The IRS breaks down the difference between employment and independent contractors into three categories. 1) Behavioral Control, 2) Financial Control, and 3) Relationship.
Each of these categories then has subcategories. However, for basic informational purposes I am going to provide the general meaning of the three categories as they fit towards the above stated hypothetical.
1) Behavioral control is determined by who has the right to direct and control the work performed by the worker, even if that right is not exercised. In the situation of a home health aid or home care assistant, while you want them to have experience and an understanding of their profession, it is ultimately your parent/grandparent who is directing the services to be performed. I.e. when to eat, what to eat, nap time, when to go out to the movies, what they may want to wear. Obviously the level of assistance needed will affect the type of services and amount of need; however, you do not want this new person in your family member’s life making every waking decision for them and virtually controlling their every move. The point of such assistance is so that your loved one still has a level of independence. As for behavioral control, that belongs to the hiring party, and that means employee.
2) Financial control is determined by what measure of control or direction the hiring party has over the financial and business aspects of the worker’s job. Sure it would be great if the person who was hired to assist paid whenever they went out to eat, or bought groceries out of the goodness of their heart, or buys a bouquet of flowers to liven up the kitchen. However, you and I both know that if any one of these situations came about, the hired person is going to want to be reimbursed. The equipment used for doing laundry, the car used for going to the store, the gas in the car. If it is not provided directly by your loved one, your loved one will be paying for the use of the equipment and/or tools necessary to perform the service; and that means, employee.
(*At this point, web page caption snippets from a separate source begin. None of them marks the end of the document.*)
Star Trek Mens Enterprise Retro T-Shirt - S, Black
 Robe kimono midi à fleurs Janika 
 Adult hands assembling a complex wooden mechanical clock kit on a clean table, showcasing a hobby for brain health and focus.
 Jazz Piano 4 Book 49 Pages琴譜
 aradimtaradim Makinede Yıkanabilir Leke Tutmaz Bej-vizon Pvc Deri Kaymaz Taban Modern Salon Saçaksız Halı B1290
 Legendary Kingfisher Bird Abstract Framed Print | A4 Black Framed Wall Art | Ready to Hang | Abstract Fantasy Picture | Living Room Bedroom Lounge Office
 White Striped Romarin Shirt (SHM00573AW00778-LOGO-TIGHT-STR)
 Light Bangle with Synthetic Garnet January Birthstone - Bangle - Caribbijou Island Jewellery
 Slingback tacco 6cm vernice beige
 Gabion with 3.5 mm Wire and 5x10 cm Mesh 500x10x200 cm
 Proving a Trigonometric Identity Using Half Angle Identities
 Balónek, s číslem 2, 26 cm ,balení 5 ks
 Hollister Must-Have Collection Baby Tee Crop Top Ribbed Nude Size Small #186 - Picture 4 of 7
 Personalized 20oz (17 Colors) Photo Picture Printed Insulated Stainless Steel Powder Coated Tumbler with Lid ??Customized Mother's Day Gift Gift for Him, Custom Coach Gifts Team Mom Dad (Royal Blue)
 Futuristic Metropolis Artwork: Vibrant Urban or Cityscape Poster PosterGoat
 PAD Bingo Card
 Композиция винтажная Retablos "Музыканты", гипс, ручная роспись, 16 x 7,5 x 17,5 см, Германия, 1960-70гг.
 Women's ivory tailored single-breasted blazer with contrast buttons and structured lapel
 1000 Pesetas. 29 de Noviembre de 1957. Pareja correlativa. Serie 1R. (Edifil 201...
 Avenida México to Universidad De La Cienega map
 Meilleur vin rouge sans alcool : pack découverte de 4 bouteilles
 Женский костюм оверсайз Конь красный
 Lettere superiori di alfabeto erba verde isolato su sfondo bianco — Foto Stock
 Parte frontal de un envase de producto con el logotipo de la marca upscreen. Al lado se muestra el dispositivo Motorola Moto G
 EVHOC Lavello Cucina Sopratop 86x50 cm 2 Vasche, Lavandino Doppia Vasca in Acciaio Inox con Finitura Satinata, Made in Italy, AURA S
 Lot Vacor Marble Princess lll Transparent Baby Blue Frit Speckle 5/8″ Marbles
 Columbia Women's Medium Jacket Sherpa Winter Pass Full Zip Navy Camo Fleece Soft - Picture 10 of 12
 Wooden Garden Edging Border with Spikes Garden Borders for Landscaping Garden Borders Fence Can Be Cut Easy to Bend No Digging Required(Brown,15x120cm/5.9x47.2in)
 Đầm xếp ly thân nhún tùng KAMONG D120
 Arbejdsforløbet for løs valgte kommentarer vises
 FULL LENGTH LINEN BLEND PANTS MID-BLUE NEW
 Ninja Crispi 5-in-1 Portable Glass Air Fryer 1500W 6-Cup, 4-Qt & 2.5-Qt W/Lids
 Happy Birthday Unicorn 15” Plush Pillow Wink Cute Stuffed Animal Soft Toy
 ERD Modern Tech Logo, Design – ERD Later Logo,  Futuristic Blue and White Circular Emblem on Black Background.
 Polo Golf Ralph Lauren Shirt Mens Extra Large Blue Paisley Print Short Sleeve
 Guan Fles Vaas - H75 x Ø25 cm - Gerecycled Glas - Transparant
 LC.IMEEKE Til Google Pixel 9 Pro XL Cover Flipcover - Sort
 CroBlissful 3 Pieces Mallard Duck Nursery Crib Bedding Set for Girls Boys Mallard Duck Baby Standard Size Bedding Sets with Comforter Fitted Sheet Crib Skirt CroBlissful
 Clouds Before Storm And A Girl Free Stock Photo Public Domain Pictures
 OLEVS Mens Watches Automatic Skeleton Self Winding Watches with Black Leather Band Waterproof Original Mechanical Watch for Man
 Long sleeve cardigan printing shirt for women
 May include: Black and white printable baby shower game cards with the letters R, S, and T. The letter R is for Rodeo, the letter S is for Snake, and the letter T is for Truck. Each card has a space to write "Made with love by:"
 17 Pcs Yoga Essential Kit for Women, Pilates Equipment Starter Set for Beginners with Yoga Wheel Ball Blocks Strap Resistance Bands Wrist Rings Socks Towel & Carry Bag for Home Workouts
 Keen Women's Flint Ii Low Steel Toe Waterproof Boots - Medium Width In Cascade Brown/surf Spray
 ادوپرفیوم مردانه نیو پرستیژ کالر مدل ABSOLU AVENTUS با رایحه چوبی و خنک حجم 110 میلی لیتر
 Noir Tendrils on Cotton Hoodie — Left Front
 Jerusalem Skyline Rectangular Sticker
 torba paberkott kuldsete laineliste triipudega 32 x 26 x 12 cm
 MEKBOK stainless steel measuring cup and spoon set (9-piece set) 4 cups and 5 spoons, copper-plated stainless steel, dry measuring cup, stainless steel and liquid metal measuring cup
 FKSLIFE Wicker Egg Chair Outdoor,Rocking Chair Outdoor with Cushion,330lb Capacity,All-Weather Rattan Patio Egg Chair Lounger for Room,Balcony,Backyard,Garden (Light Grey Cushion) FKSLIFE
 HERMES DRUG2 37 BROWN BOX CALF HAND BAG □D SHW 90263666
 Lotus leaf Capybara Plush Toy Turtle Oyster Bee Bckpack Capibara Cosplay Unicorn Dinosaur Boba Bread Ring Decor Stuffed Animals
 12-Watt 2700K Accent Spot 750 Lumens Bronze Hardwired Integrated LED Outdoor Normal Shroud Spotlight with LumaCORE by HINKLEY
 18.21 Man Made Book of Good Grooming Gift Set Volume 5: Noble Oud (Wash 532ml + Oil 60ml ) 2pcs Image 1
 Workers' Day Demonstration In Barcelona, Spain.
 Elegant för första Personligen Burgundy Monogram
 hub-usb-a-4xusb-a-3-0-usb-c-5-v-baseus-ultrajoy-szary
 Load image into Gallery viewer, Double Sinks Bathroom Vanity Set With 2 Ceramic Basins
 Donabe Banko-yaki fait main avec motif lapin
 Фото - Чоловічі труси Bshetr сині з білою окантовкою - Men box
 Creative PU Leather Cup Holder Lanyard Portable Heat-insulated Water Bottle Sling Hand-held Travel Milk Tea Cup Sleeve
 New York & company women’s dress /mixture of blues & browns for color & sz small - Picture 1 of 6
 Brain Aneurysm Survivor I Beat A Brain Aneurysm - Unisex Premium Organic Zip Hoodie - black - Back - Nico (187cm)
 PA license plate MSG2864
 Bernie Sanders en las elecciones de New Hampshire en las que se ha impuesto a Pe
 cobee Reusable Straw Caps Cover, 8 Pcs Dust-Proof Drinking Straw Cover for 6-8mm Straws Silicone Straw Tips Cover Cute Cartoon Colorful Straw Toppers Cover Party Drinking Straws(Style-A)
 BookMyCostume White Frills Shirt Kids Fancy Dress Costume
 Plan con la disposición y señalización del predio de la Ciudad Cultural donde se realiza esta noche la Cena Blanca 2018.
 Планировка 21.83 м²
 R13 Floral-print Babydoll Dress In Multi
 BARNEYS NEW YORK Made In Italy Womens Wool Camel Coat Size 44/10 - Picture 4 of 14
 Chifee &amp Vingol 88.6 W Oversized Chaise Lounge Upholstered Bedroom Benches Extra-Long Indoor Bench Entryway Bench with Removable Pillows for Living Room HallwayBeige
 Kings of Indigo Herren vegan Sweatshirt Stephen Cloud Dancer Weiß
3) Relationship is decided as to how the worker and the hiring party perceive their interaction with one another. Are there any benefits provided by the hiring party for the hired person? Is the length of the service for a predetermined length of time? Is the service to be performed for a single specific job or an ongoing repetitive service? All of these are examples of the relationship agreed upon by the parties. If there is an exact set date of completion i.e. Monday June 30, 2019, or upon the complete healing of a broken clavicle, then you are looking at an independent contractor. If there is a continuous service to be completed with set rate of pay bi-weekly/monthly etc. for the duration of one’s life, one’s termination, or one’s resignation, then you guessed it, employee.
Above are a few of many examples of the difference between an employee and an independent contractor. One of the easiest ways to avoid the issue altogether is to hire from a home care service. If a service is not an option, reach out to your local tax attorney and discuss the necessary forms to be filed so that you and your loved one remain tax compliant.